* [What the task requires]: All pictures are to be dropped, and everything else in the data duplicated exactly.

*** Opening of Data provided ***

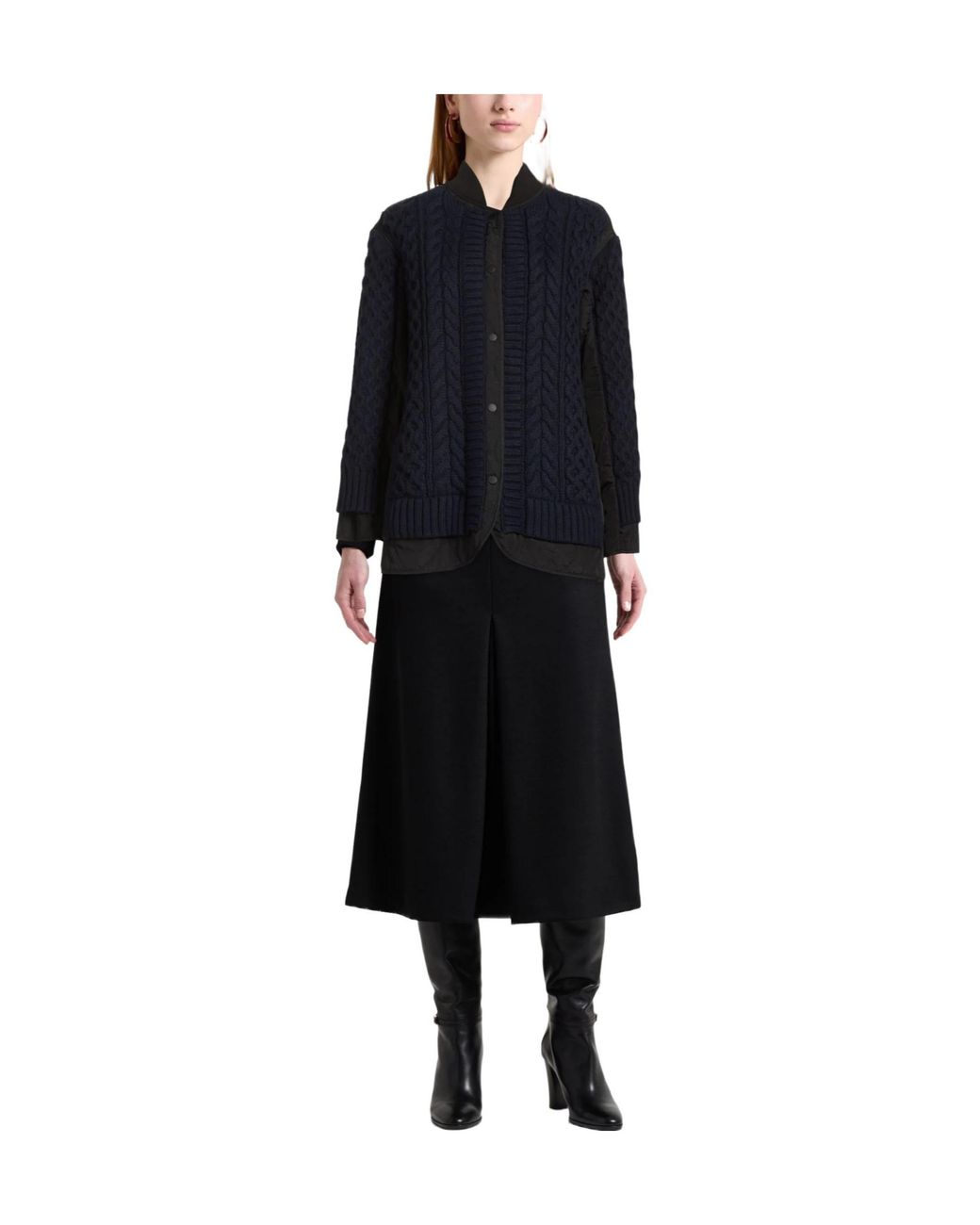 Rag & Bone Blue Two-Tone Casual Jacket
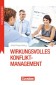 Training kompakt: Wirkungsvolles Konfliktmanagement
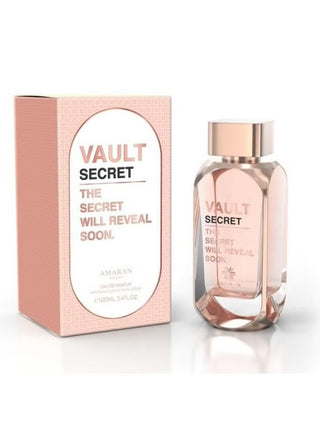VAULT SECRET WOMEN EDP - 100 ml (3.40 oz) de AMARAN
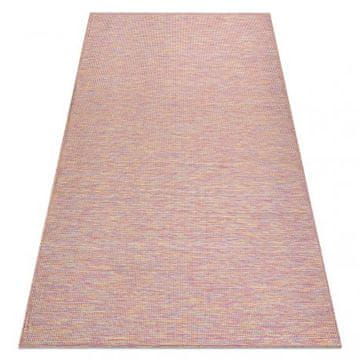eoshop Preproga SISAL PATIO 2778 ravnega prepleta roza / modra / bež ( - Velikost: 175x270 cm)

*** Close of Data provided ***

* [Reply]:
 Rag & Bone Blue Two-Tone Casual Jacket
 Training kompakt: Wirkungsvolles Konfliktmanagement
VAULT SECRET WOMEN EDP - 100 ml (3.40 oz) de AMARAN
eoshop Preproga SISAL PATIO 2778 ravnega prepleta roza / modra / bež ( - Velikost: 175x270 cm)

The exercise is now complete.